Rose Index
Rose Exchange Rate Site
Issue 49 | December 2018
Agency
Leo Burnett Moscow
Creative Team
Client Service Director Ilya Khruschev Senior Copywriter Evgeniy Shinyaev Senior Art-Director Mikhail Tkachenko
Production Team
Producer Oleg Gridasov Production Film Service Director Felipe Gomez Aparicio
Other Credits
Strategic Planning Director Kirill Yorish Strategic Planning Manager Aleksandr Popkov
Date
March 2018
Background
Once a political holiday, March 8th is now International Woman’s Day and an opportunity for Russians to show their feelings to their loved ones and to please them with various gifts and flowers.
Usually, fathers, sons and lovers leave it till the last moment to buy their flowers and, knowing this, florists take advantage of the rush and crank their prices up.
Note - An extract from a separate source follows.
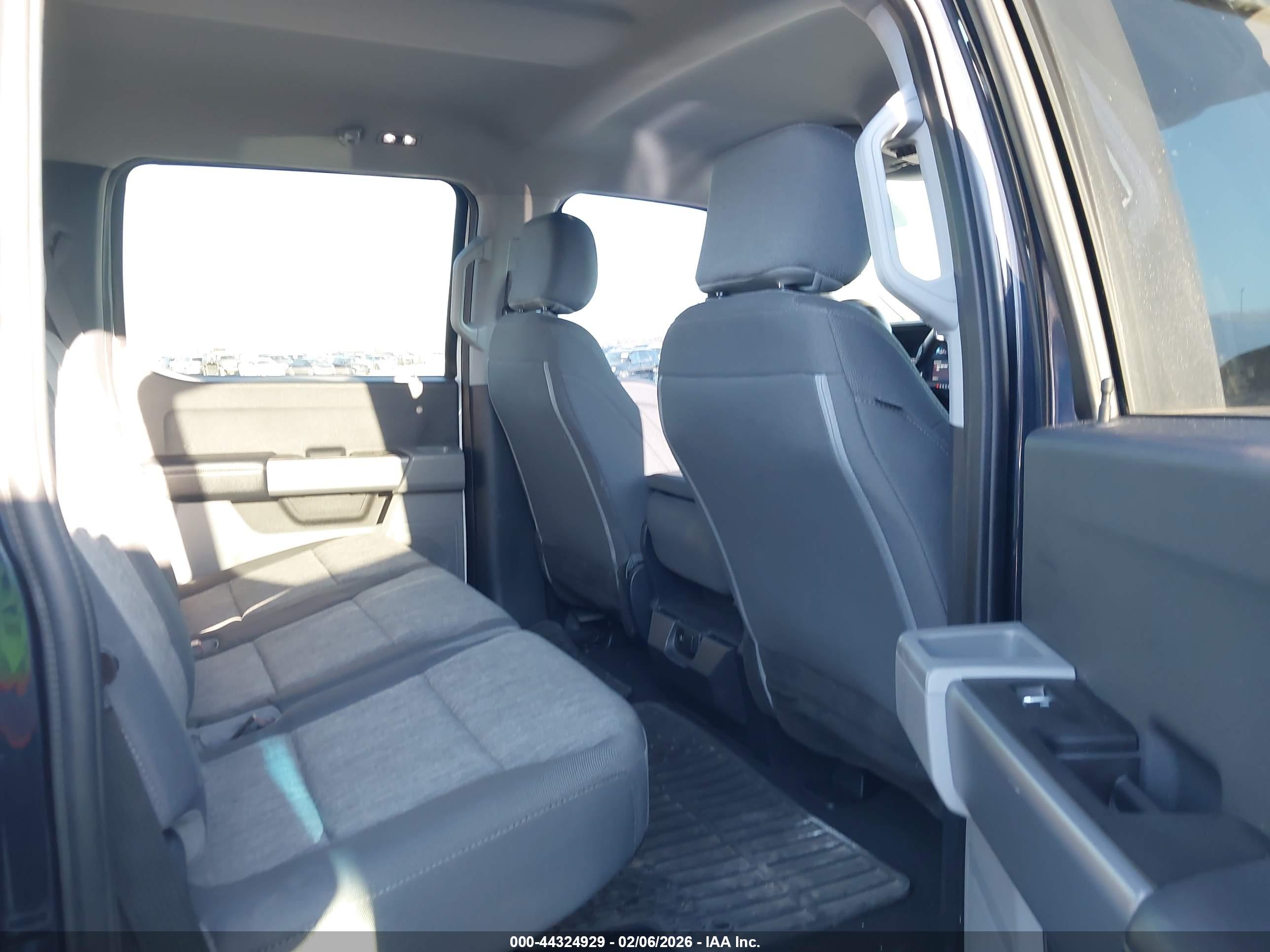FORD F-250 image 7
The Village, an online magazine for smart Moscow citizens, wanted to stand up for its readers and help prevent them being exploited.
Idea
Using the currency exchange rate sites as a model, The Village created a Rose Exchange Rate site where the price of a single flower was tracked daily via a special algorithm, which analysed the prices of more than 500 Moscow flower shops.
Between March 1st and March 8th, the result was updated every hour, so readers could observe the alarmingly steady increase in the price of a rose and get directions or links to places where they could buy the cheapest bouquet in town.
Results
Massive posts in social media, with people sharing the links to help their friends save money. Media interest spread the story far and wide so that even more men ordered their flowers online in advance, saving money and annoying the greedier florists out there.
That’s how The Village proved their motto: spreading information that makes life in the city better.
Our Thoughts
Today, it is increasingly important if brands want to survive, let alone thrive, that they create ideas people want to be part of.
Advertising is moving from B to C to C to C.
If you can get people to share links, as The Village did here, then you’re onto a winner.
It’s not so much that this is free, it is that it’s noticed. 800 million people are said to have installed ad blockers on their phones and devices so the only way to get through to these people is by way of social media. And the only way for brands to get any sort of traction at all is by doing interesting things rather than saying stuff.
This little campaign is a perfect example of what large advertisers should be aiming to do. Be useful to people. Only then will their brands come to mean something.